As várias bolhas de dinheiro ilusório que estouraram nos últimos cinco anos (um crash da bolsa em câmera lentíssima, quase bullet-time) garantiram contra-cheques cheios de zero e gordos abonos a toda essa choldra medíocre que hoje nos diz o que devemos consumir. Mas à medida em que a falsidade foi tornando-se evidente, o mercado veio cobrar a dívida, defenestrando os salariões. Quem ficou, teve de acumular função, trabalhar mais tempo, perdeu regalias. Sem motivação pra trabalhar, a mediocridade parou de se esforçar. Vem fazendo as coisas de qualquer jeito, sem se preocupar com o resultado.

O mainstream virou isso: a decadência da mediocridade. “Coxal”, pra falarmos em português bem claro. Patrões na espera de números altíssimos para devolver algumas das condições exigidas por empregados medíocres que não se esforçam para fazer nada. Por isso que você lê revistas, vê filmes, ouve músicas e tudo parece dizer a mesma coisa: nada. Esse é o som da criatividade mediana em marcha lenta.

Avisem aos patrões que eles podem esquecer. As vendas altas não vão voltar. Ninguém vai vender mais dez milhões de discos ou ter tiragem de um milhão de cópias no domingo. Vivemos uma nova realidade que, por motivos óbvios, não voltará a ser o que era há poucos anos.

É só raciocinar. Infelizmente, não há números precisos para aferir esse tipo de coisa, mas é fato que a quantidade de discos gravados hoje em dia é infinitamente maior do que a de dez anos atrás. Mesmo porque hoje muita gente grava discos pra família, pros amigos, pra um grupo pequeno de admiradores. Produzir um disco não é mais nenhum bicho de sete cabeças e fazer música tem se tornado um hobby cada vez mais popular. Culpe o computador, a internet ou a saudade que as pessoas já sentem de música tocada ao vivo. O fato é que a produção musical parece estar, lentamente, ultrapassando a mera audição.

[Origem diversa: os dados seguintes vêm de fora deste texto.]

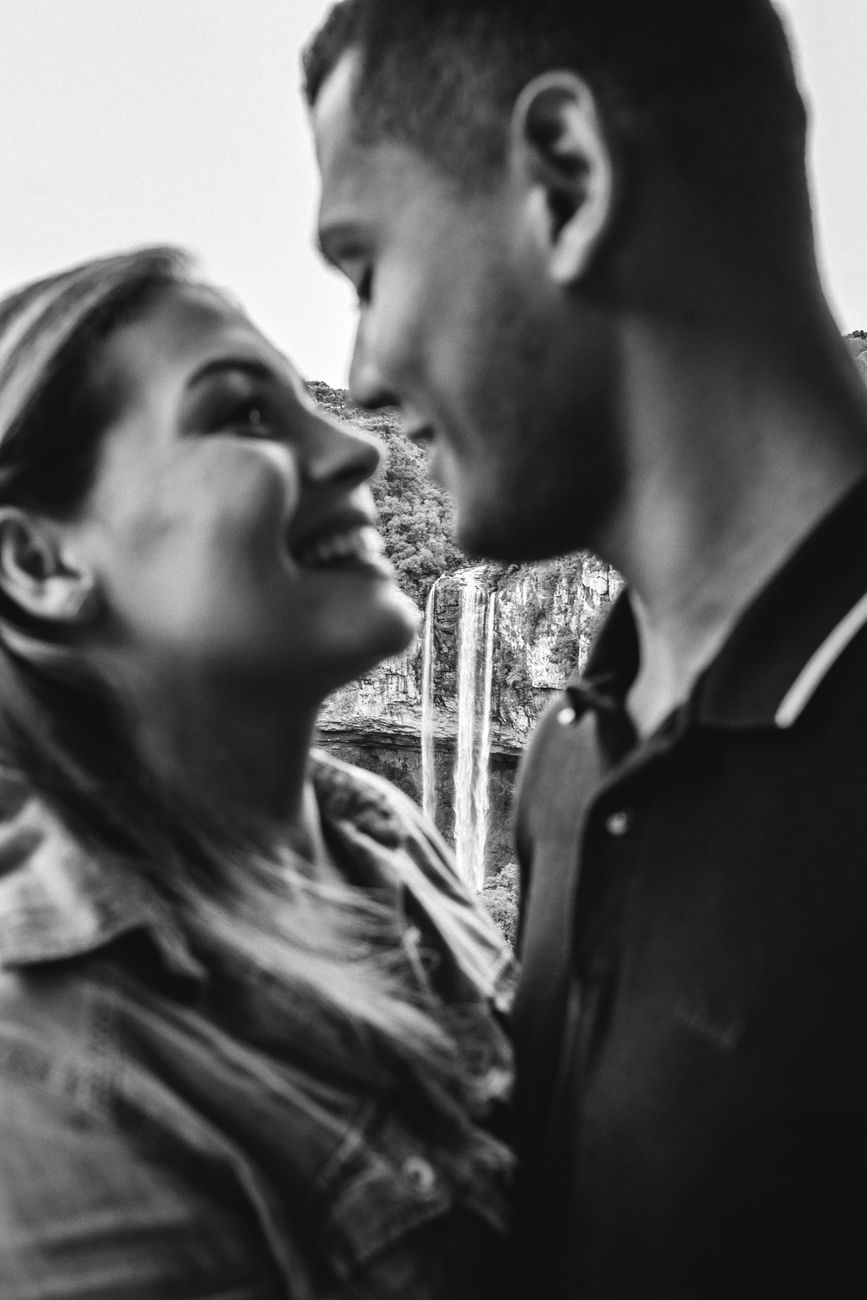 In ihrem ersten Roman „O amor na sala escura" nutzt Clarisse Escorel das Kino, um über die Liebe zu sprechen
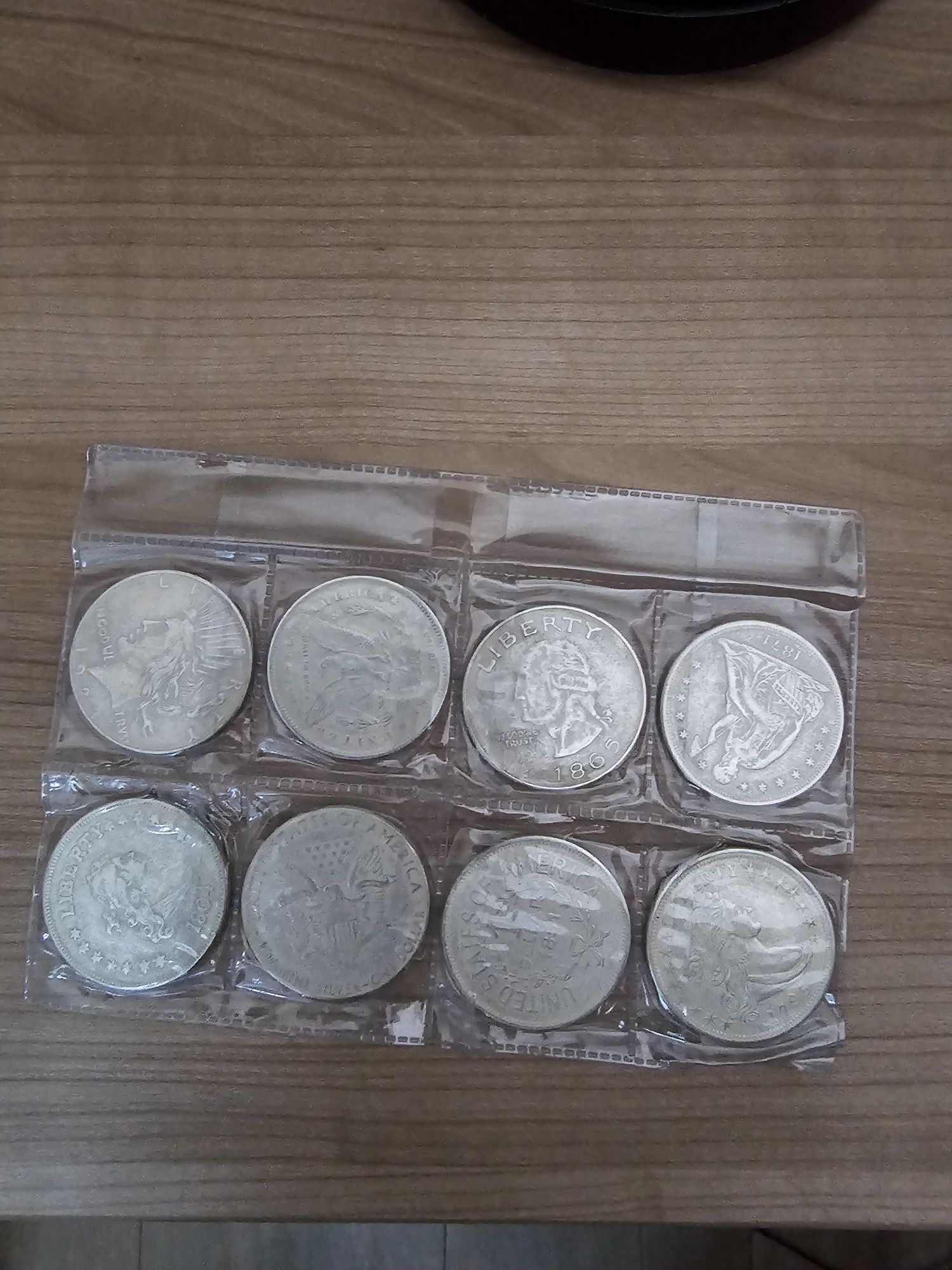One dollar  лот реплики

Afinal, não precisa pensar muito para entender que o tempo que uma pessoa passa produzindo um disco faz com que ela não dedique tanto tempo ao consumo de discos como fazia antes. E cada novo disco lançado anula não sei quantos discos que poderiam estar sendo vendidos. (Falei de música, mas poderia estar falando de cinema, literatura, internet, esportes…)

Com isso, cai o popstar. Aquela figura imbatível, que olhava a todos do alto, onipotente, faliu. Virou um enorme elefante branco que não cabe na nova realidade – seja de mercado ou de cultura – do século 21.

E tudo isso não tem nada a ver com crise econômica. Estamos passando por uma crise de criatividade do mercadão, que não sabe mais o que fazer para as pessoas comprarem milhões de unidades como compravam antes.

Já era. Basta pegar a coleção de livros de qualquer um, as pastas de MP3 em qualquer computador, acompanhar as saídas noturnas de diferentes pessoas. Ninguém quer mais consumir só a banda da moda, o livro da vez, o filme cult. Todo mundo quer viver tudo ao mesmo. Não estamos mais falando em mero consumo passivo – as pessoas querem decidir elas mesmas o que ler, ver, ouvir e falar. E cada nova decisão pare um novo DJ, uma nova escritora, um novo cineasta, uma nova produtora de eventos…

Todos prontos pra chutar a bunda da mediocridade em baixa. Todos fora do mercado. Todos sabendo quanto vale cada gota do seu suor. Prontos para tomar conta da situação – quando a hora chegar.

Quando é isso? Não sei, só sei que é perto.